* [Problem]:
The whole listing, apart from its images, should be restated word for word.

======== Material for this task

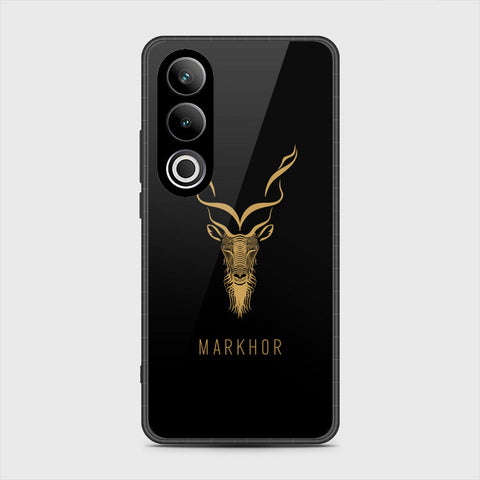 OnePlus Ace 3V Cover - Markhor Series - HQ Premium Shine Durable Shatterproof Case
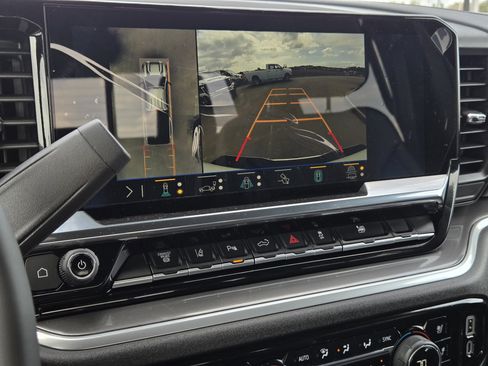 New 2026 Chevrolet Silverado 3500 High Country w/ Technology Package image 12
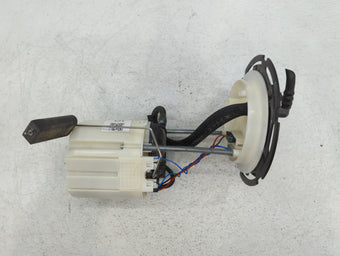 compare product 2018-2019 Chevrolet Equinox Electrical Gas Fuel Pump Assembly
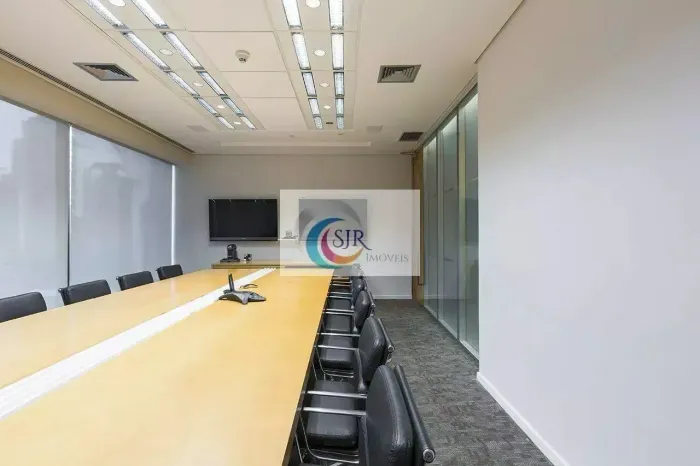 Conjunto para alugar, 561 m² - Itaim Bibi - São Paulo/SP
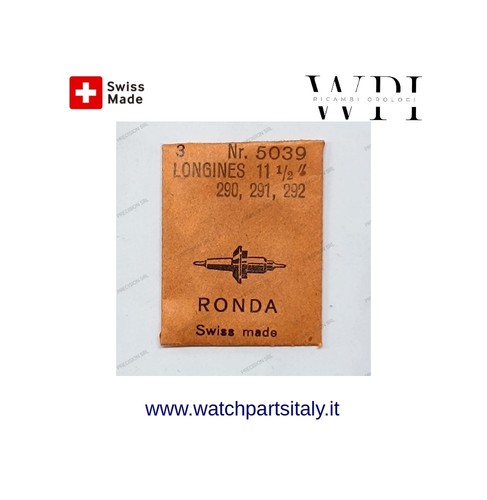 Longines 290 291 - 290, balance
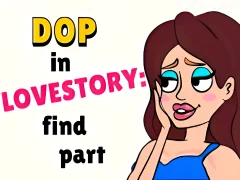 遊戲DOP in Love Story Find Part在線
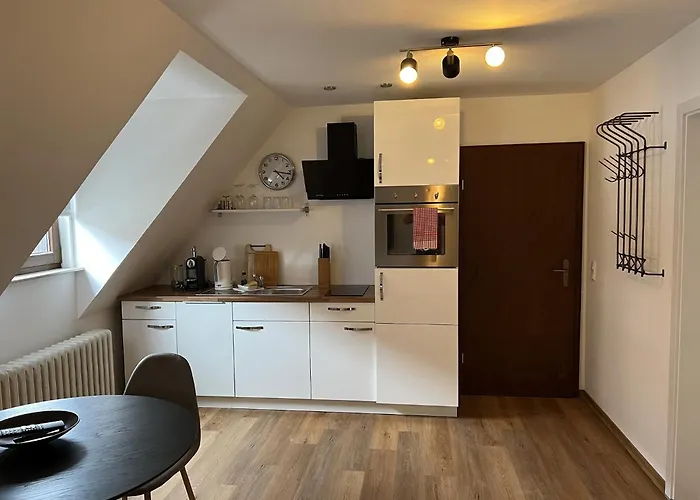 Ferienwohnung 8 Torster - Im Zentrum Der Altstadt
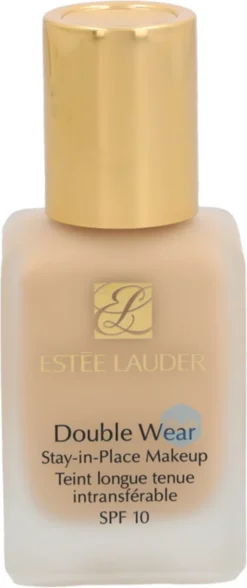 Estée Lauder Double Wear Stay-In Place Foundation - SPF 10 - Foundation - 1W1 Bone -Cosmetica Winkel 504x1200 3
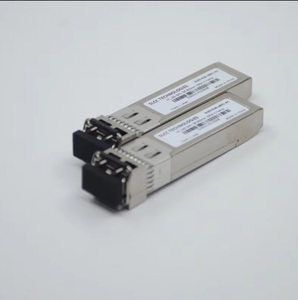 Tương thích FC chuyển đổi 16G SR SFP + 850nm 100m MMF sợi kênh thu phát quang học mô-đun - Product Image 2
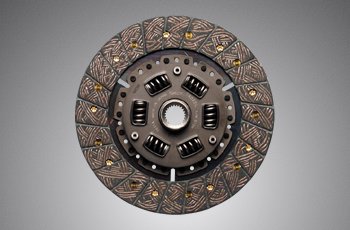 CUSCO Clutch Copper Single Disc  For TOYOTA Corolla Sprinter Corolla FX AE82 00C 022 R116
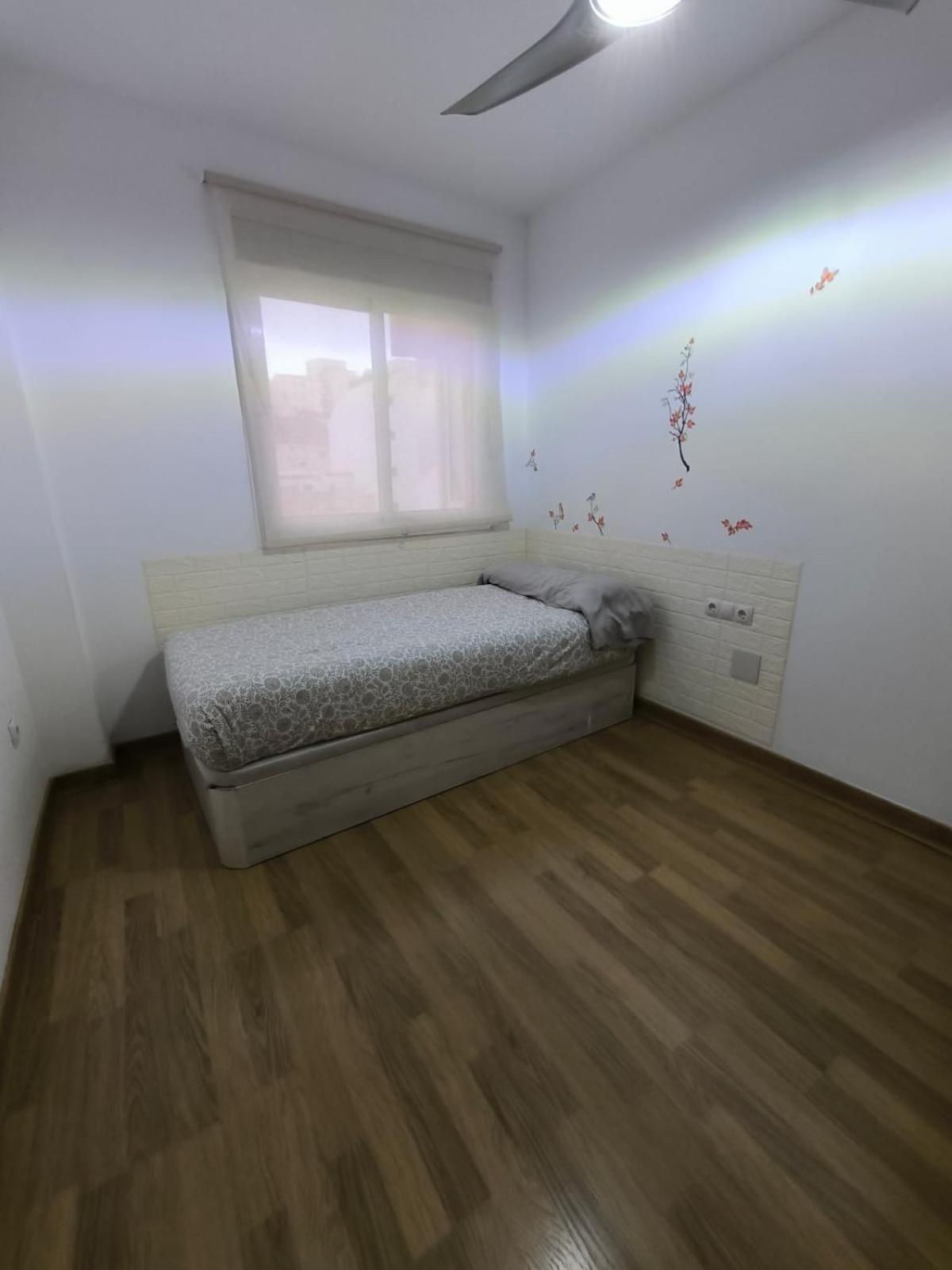 Apartamento Centro Historico Materno Infantil Hospital Civil Málaga Extérieur photo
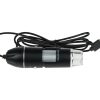 DIGITAL MICROSCOPE IZOXIS-25467 USB IZOXIS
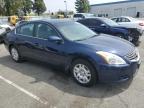 2012 Nissan Altima Base იყიდება Rancho Cucamonga-ში, CA - Rear End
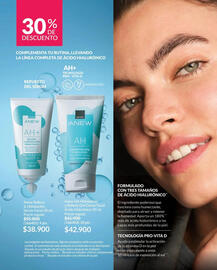 Catálogo Avon Página 108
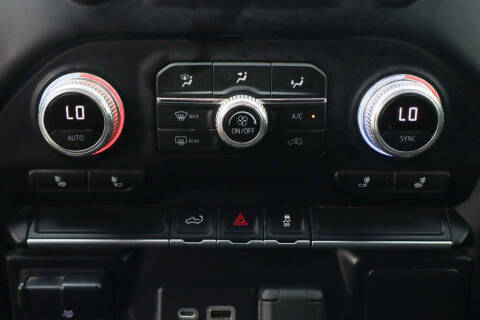 2022 GMC Sierra 2500HD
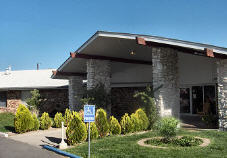 Westwind Living Center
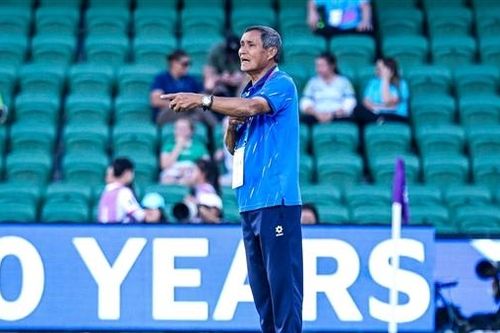 HLV Mai Đức Chung: 'Sau Asian Cup nữ 2026 sẽ có người thay thế tôi'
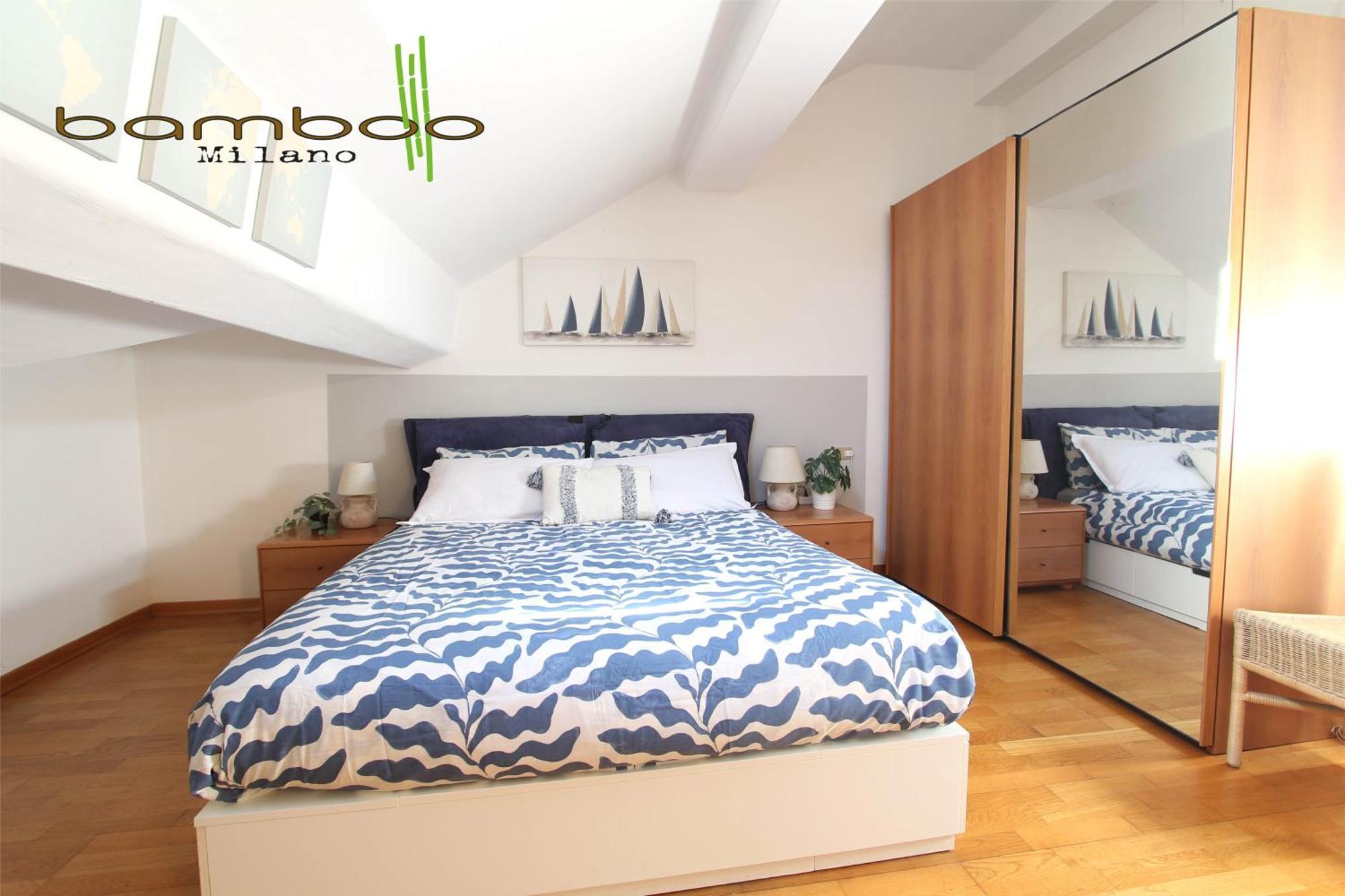 Bamboo Milano Copernico Central Station Экстерьер фото
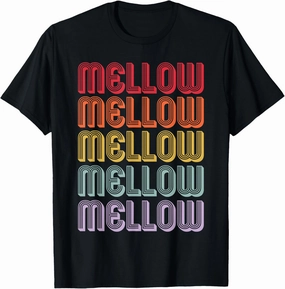 Mellow T-Shirt
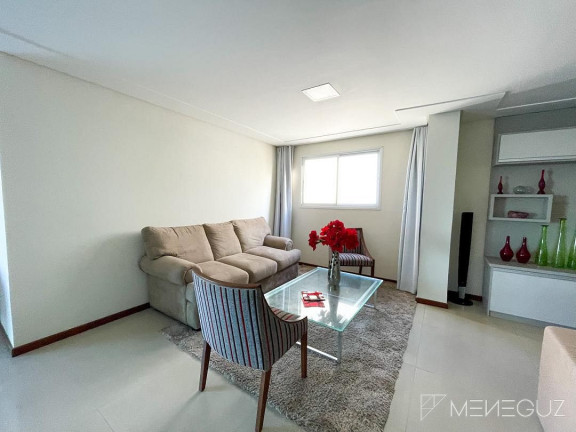 Imagem Cobertura com 4 Quartos à Venda, 250 m² em Praia Do Morro - Guarapari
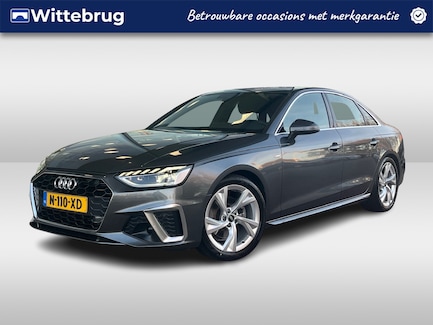 Audi A4 0
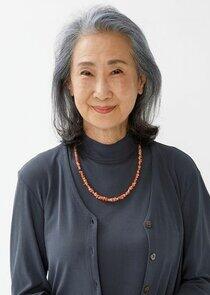 photo of Yumi Mitani photo of Yumi Mitani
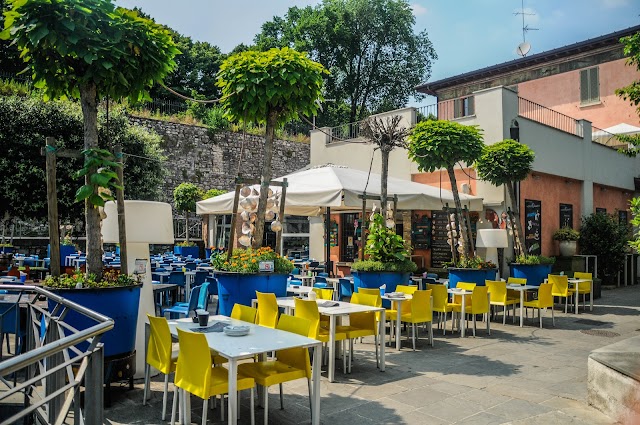 Ristorante Mondo Liquido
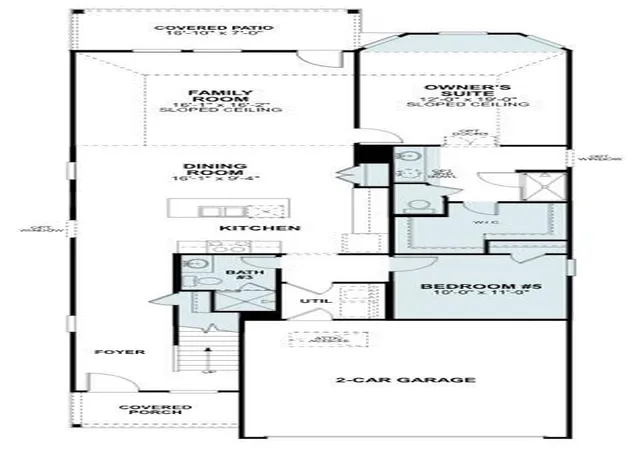 Photo 2 of Single family home for sale at 244 Hazy Pines Ln, Willis, TX 77378 | MLS# 87097882 | Listing updated on 2026-09-15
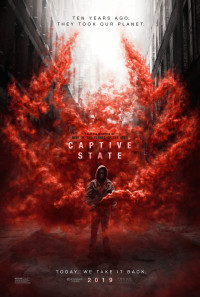 Captive State Poster 1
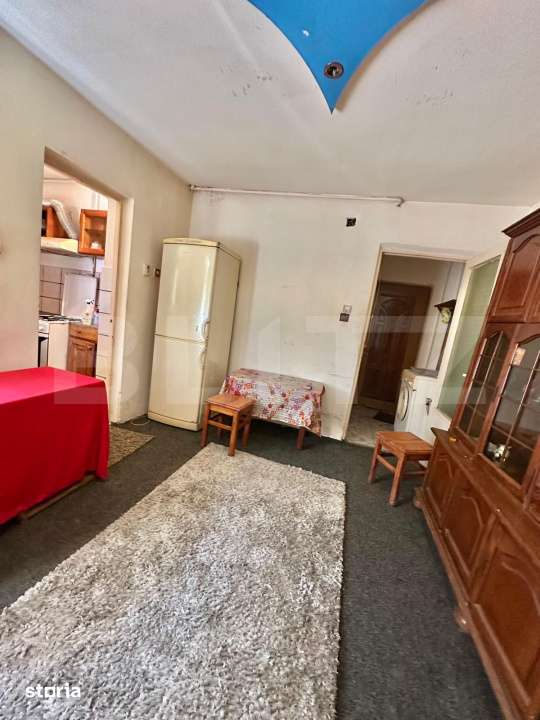 Garsoniera de vanzare , zona Dragos Voda, Bistrita — fotografia 3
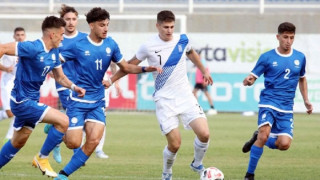 Συντριβή για την Εθνική Ελπίδων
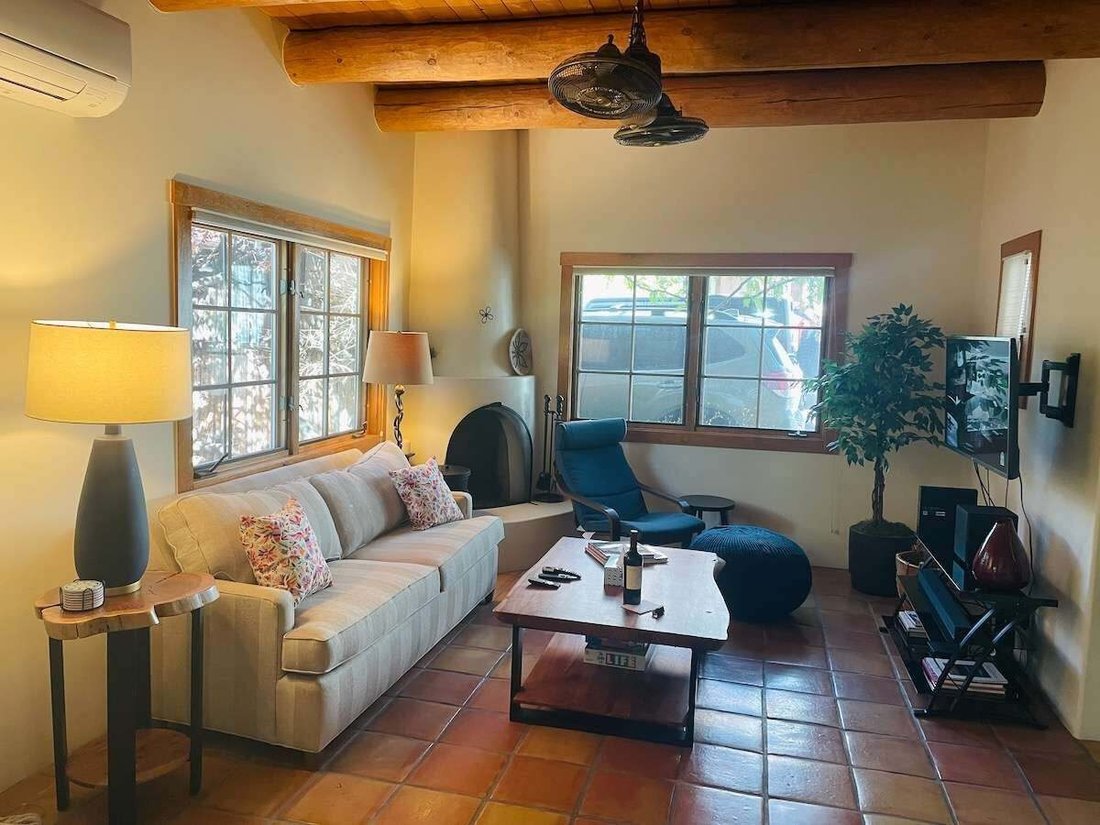 Appartement à Santa Fe, Nouveau-Mexique, États-Unis 5 - 19146658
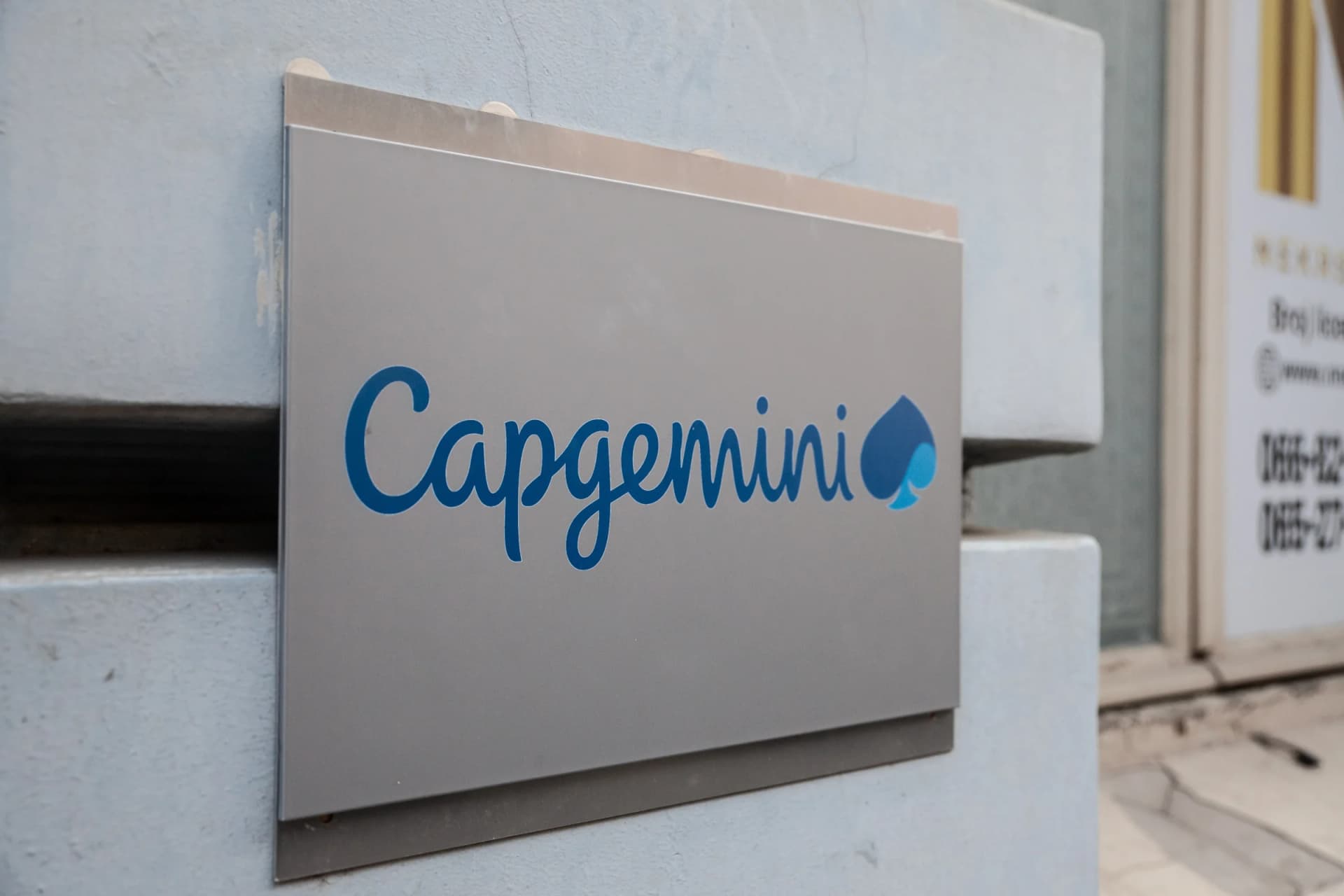 Capgemini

================

* [Response for this exercise]:
 OnePlus Ace 3V Cover - Markhor Series - HQ Premium Shine Durable Shatterproof Case
 New 2026 Chevrolet Silverado 3500 High Country w/ Technology Package image 12
 compare product 2018-2019 Chevrolet Equinox Electrical Gas Fuel Pump Assembly
 Conjunto para alugar, 561 m² - Itaim Bibi - São Paulo/SP
 Longines 290 291 - 290, balance
 遊戲DOP in Love Story Find Part在線
 Ferienwohnung 8 Torster - Im Zentrum Der Altstadt
 Estée Lauder Double Wear Stay-In Place Foundation - SPF 10 - Foundation - 1W1 Bone -Cosmetica Winkel 504x1200 3
 Tương thích FC chuyển đổi 16G SR SFP + 850nm 100m MMF sợi kênh thu phát quang học mô-đun - Product Image 2
 CUSCO Clutch Copper Single Disc  For TOYOTA Corolla Sprinter Corolla FX AE82 00C 022 R116
 Apartamento Centro Historico Materno Infantil Hospital Civil Málaga Extérieur photo
 DIGITAL MICROSCOPE IZOXIS-25467 USB IZOXIS
 2012 Nissan Altima Base იყიდება Rancho Cucamonga-ში, CA - Rear End
 Catálogo Avon Página 108
 2022 GMC Sierra 2500HD
 Westwind Living Center
 HLV Mai Đức Chung: 'Sau Asian Cup nữ 2026 sẽ có người thay thế tôi'
 Bamboo Milano Copernico Central Station Экстерьер фото
 Mellow T-Shirt
 Imagem Cobertura com 4 Quartos à Venda, 250 m² em Praia Do Morro - Guarapari
 Audi A4 0
 photo of Yumi Mitani photo of Yumi Mitani
 Ristorante Mondo Liquido
 Photo 2 of Single family home for sale at 244 Hazy Pines Ln, Willis, TX 77378 | MLS# 87097882 | Listing updated on 2026-09-15
 Captive State Poster 1
 Garsoniera de vanzare , zona Dragos Voda, Bistrita — fotografia 3
 Συντριβή για την Εθνική Ελπίδων
 Appartement à Santa Fe, Nouveau-Mexique, États-Unis 5 - 19146658
 Capgemini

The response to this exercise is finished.